- _WHAT TO PRODUCE_: Copy each line of the listing below exactly and drop the images.

- _THE INPUT_:
• • •
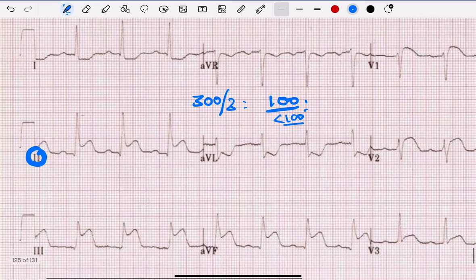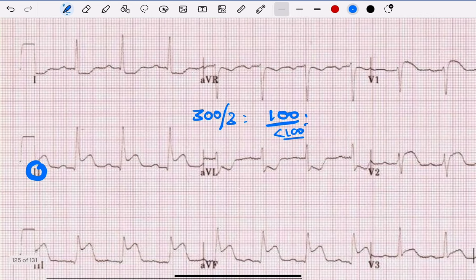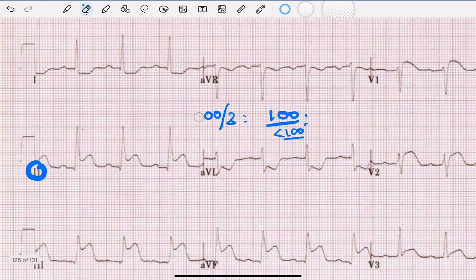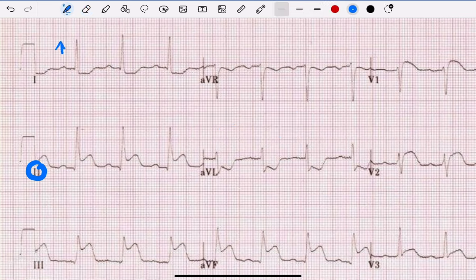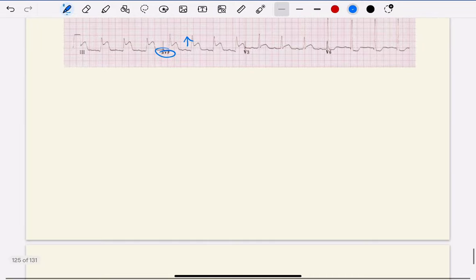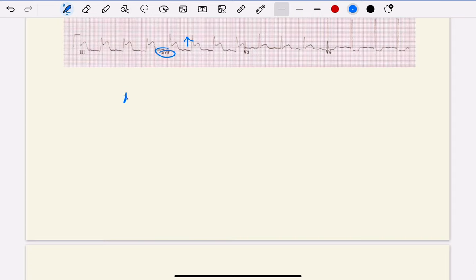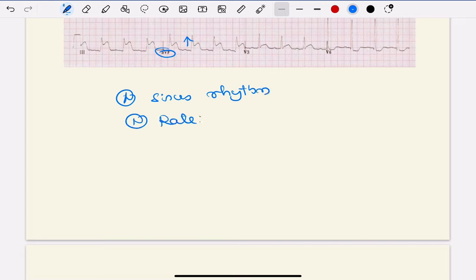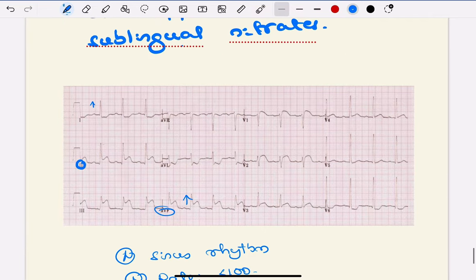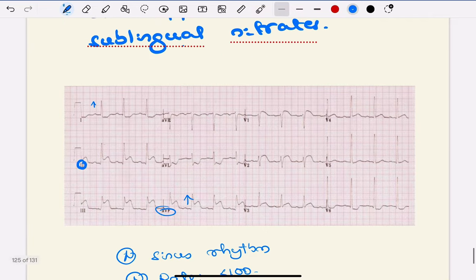Now we calculate the axis. For that you have to see lead I and lead aVF. Both are up, so normal axis. Let me write down the findings: normal sinus rhythm, normal rate around 100 or less, and axis is normal. So till now it is normal.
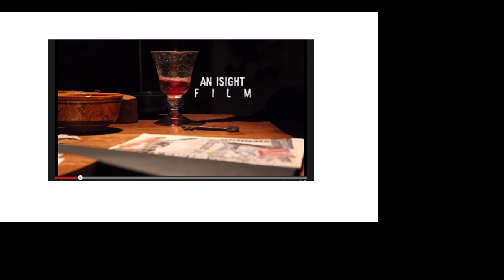There is a shot where some wine pours into a glass, so we made the titles move up as the wine fills up in the glass.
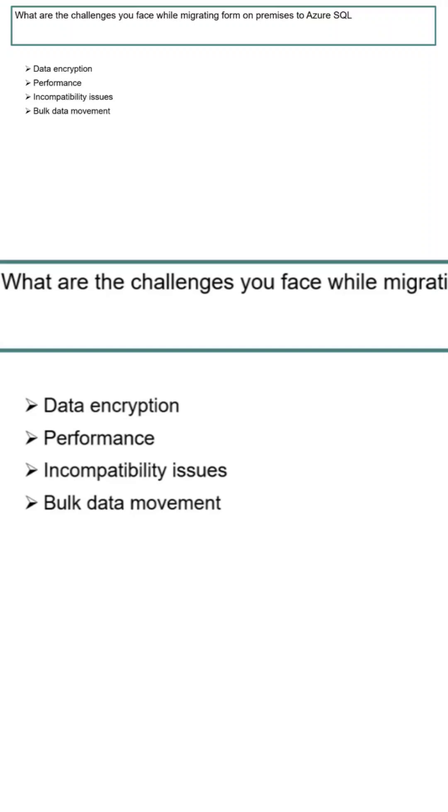Data encryption. So few data encryption methods don't work, so you need to again compare what are the encryption methods supported. For example, if you already enabled some GDPR-related encryption for your database, but now you need to change to the Azure SQL, you need to work out what is the other mechanism you can enable to move to the Azure SQL.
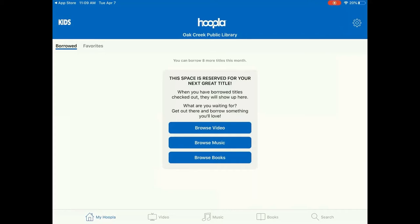If you have used Hoopla before, sign in with your email address and password and tap Login. When you first sign in, it will take you to the My Hoopla page where you can see any checkouts as well as anything you have favorited. At the bottom of the screen you can browse video, music, or books, and you can also perform a keyword search for a specific title, author, series, etc.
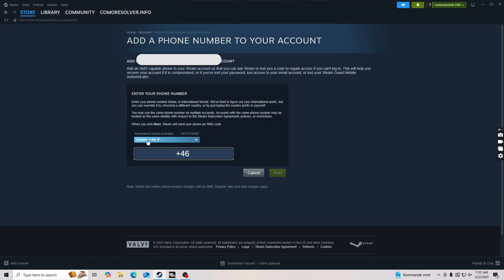By default, when you select your country right here, they will give you the country code right here as well. I don't know why they do this, but there is a space in between and you need to remove that.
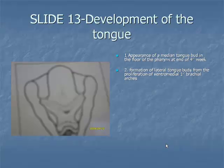Slide 13, Development of the Tongue. Item 1: the tongue is derived from the first pharyngeal arches.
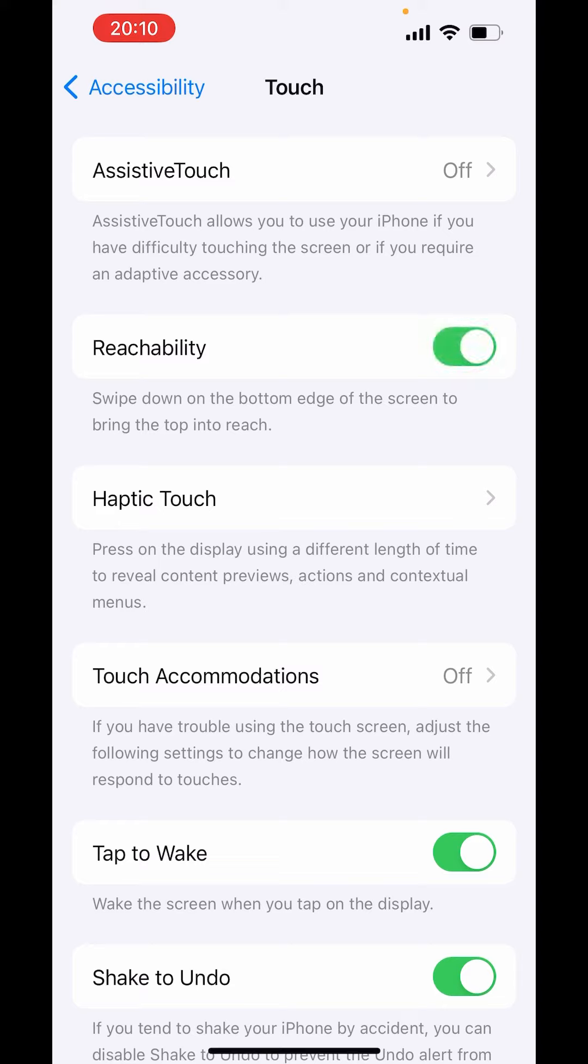It says swipe down on the bottom edge of the screen to bring the top into reach. If we go back,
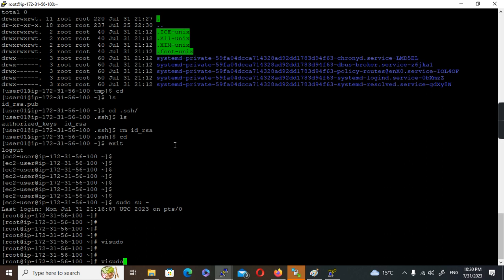The advantage of using visudo instead of vi is that it validates the file before saving. If there is any problem, it will not allow you to save the corrupted file. Never edit this file using vi directly, because it allows saving without validation — if something goes wrong, you will lose sudo access entirely to this machine, and ec2-user won't be able to perform anything using sudo. It becomes a broken state requiring a recovery operation.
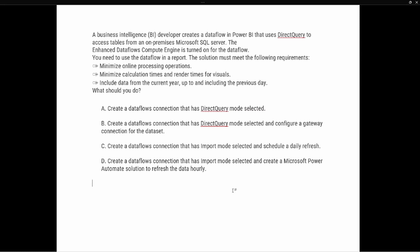Today we're going to be looking at a question relating to that. A BI developer creates a data flow in Power BI that uses direct query to access tables from an on-premises Microsoft SQL Server. The enhanced data flows compute engine is turned on for the data flow. You need to use the data flow in a report. The solution must minimize online processing operations, minimize calculation times and render times for visuals, and include data from the current year up to and including the previous day.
• • •
- _RESULT_:
Now we calculate the axis. For that you have to see lead I and lead aVF. Both are up, so normal axis. Let me write down the findings: normal sinus rhythm, normal rate around 100 or less, and axis is normal. So till now it is normal.
There is a shot where some wine pours into a glass, so we made the titles move up as the wine fills up in the glass.
Data encryption. So few data encryption methods don't work, so you need to again compare what are the encryption methods supported. For example, if you already enabled some GDPR-related encryption for your database, but now you need to change to the Azure SQL, you need to work out what is the other mechanism you can enable to move to the Azure SQL.
If you have used Hoopla before, sign in with your email address and password and tap Login. When you first sign in, it will take you to the My Hoopla page where you can see any checkouts as well as anything you have favorited. At the bottom of the screen you can browse video, music, or books, and you can also perform a keyword search for a specific title, author, series, etc.
By default, when you select your country right here, they will give you the country code right here as well. I don't know why they do this, but there is a space in between and you need to remove that.
Slide 13, Development of the Tongue. Item 1: the tongue is derived from the first pharyngeal arches.
It says swipe down on the bottom edge of the screen to bring the top into reach. If we go back,
The advantage of using visudo instead of vi is that it validates the file before saving. If there is any problem, it will not allow you to save the corrupted file. Never edit this file using vi directly, because it allows saving without validation — if something goes wrong, you will lose sudo access entirely to this machine, and ec2-user won't be able to perform anything using sudo. It becomes a broken state requiring a recovery operation.
Today we're going to be looking at a question relating to that. A BI developer creates a data flow in Power BI that uses direct query to access tables from an on-premises Microsoft SQL Server. The enhanced data flows compute engine is turned on for the data flow. You need to use the data flow in a report. The solution must minimize online processing operations, minimize calculation times and render times for visuals, and include data from the current year up to and including the previous day.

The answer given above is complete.